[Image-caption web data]
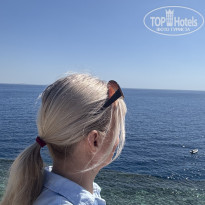 фото из отзыва ID 2679584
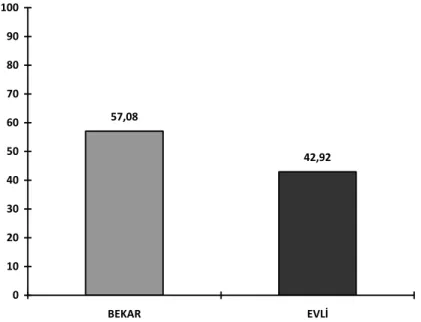 Şekil 4. Araştırmaya katılanların eğitim durumu (%) 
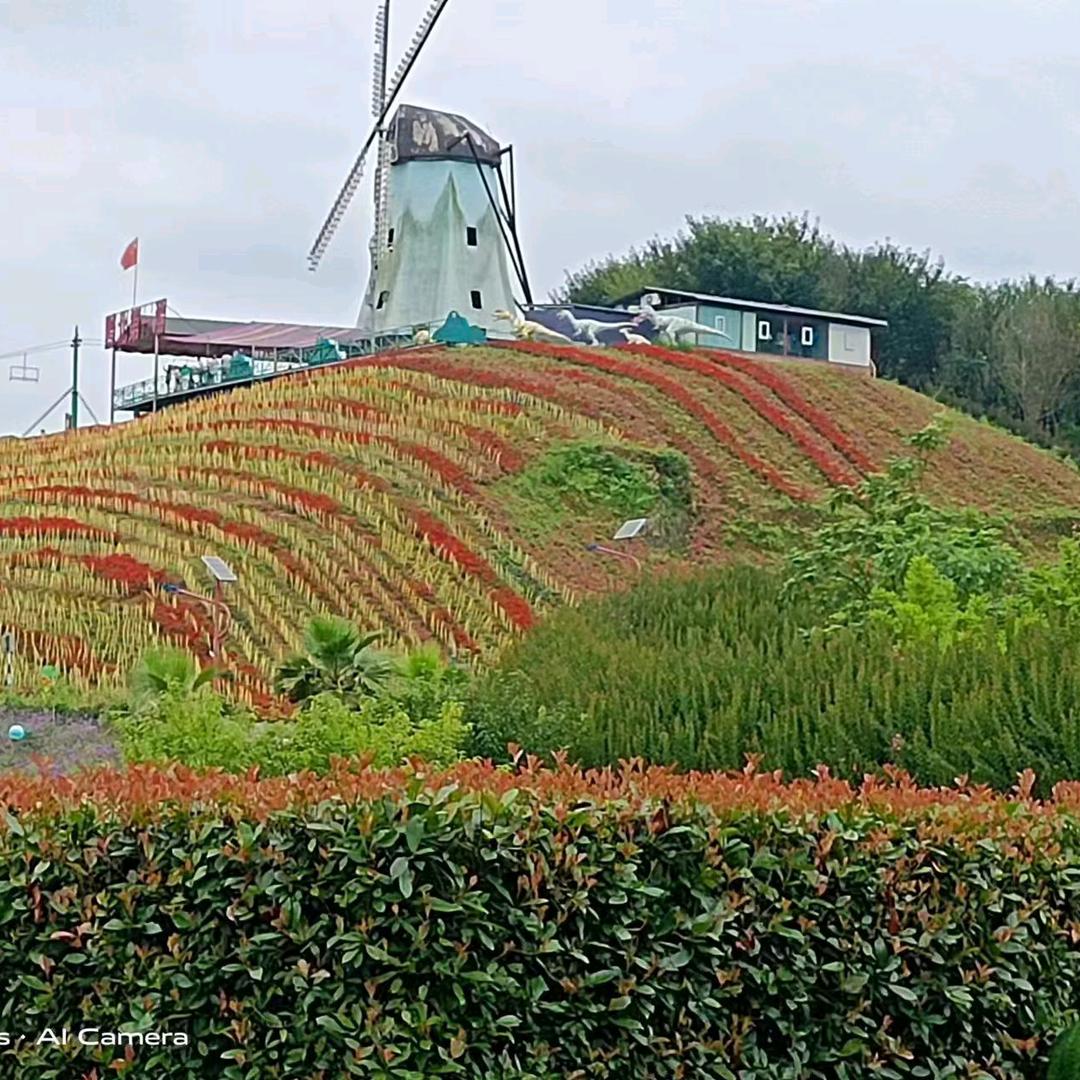 向阳而生，逆风而行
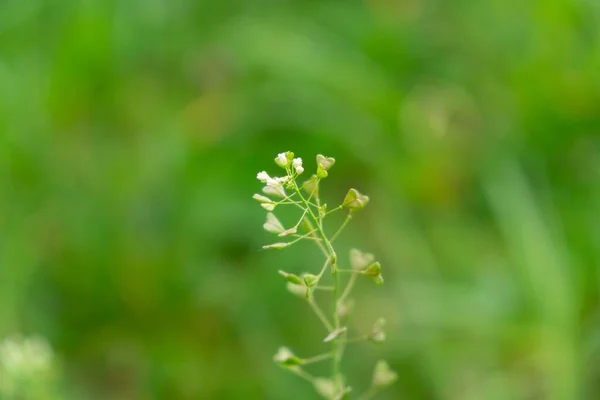 Piękne Kwiaty Zielonym Tle — Zdjęcie stockowe
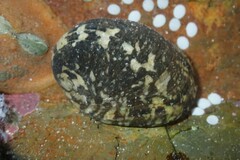 Nerita albicilla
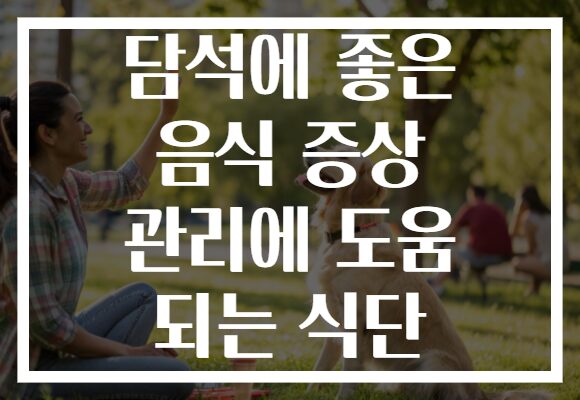 담석에 좋은 음식 증상 관리에 도움 되는 식단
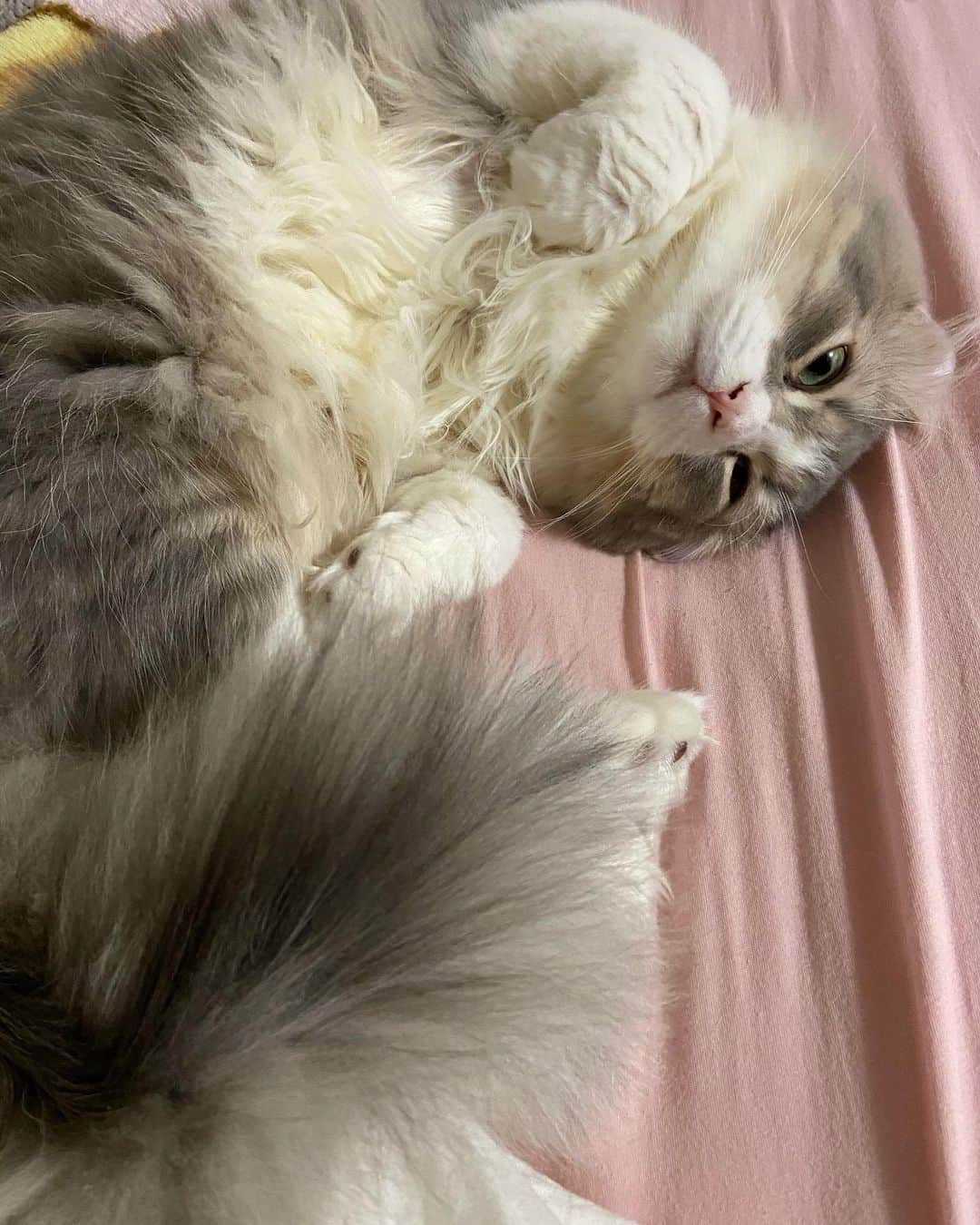 蒼山みことさんのインスタグラム写真 - (蒼山みことInstagram)「今日は、愛猫ペコラの1歳の誕生日でした🐈🎂 ペコラが来てから毎日が幸せで、楽しくて、ペコラがいるだけで癒やされるし、ネガティブな気持ちなんていっさい無くなりました🥰 本当にありがとう☺ 大好きという言葉では表せないほど、ペコラのことを愛してます💓 これからもずっと一緒にいてね😉  誕生日のときの写真はまた後日あげます🙆‍♀  #newpost #photo #photography #happybirthday #誕生日 #cat #猫 #子猫 #1歳 #1歳誕生日 #アメリカンカール #ペコラ #男の子 #猫のいる暮らし #ペットのいる生活 #猫好きさんと繋がりたい #いいね #いいね返し #いいね返しは絶対 #lfl #l4l #likeforlikes #like4likes #instaphoto #instagood #follow #followｍe」12月6日 22時00分 - mikoto__aoyama0917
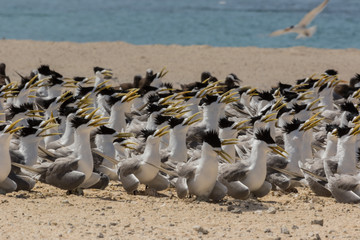 Fototapeta premium Greater Crested Tern in Australia
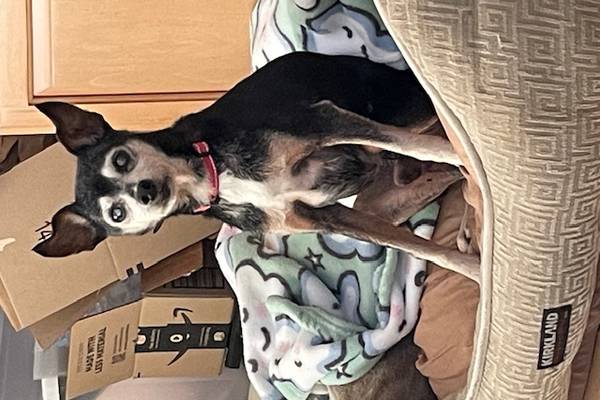 St. Charles woman rescues elderly, blind, deaf dog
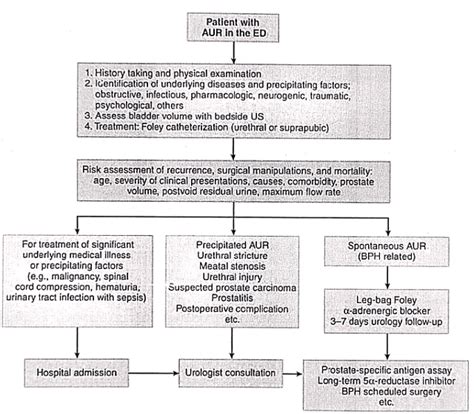 Prostate Neoplasms - Medical Science Optional Notes for UPSC PDF Download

◆ Description of the task ◆
Reproduce, word for word, the lines from the one containing "Fototapeta premium Greater" through the final line above. Leave every picture out.

◆ Output of the task ◆
 Fototapeta premium Greater Crested Tern in Australia
 St. Charles woman rescues elderly, blind, deaf dog
 Prostate Neoplasms - Medical Science Optional Notes for UPSC PDF Download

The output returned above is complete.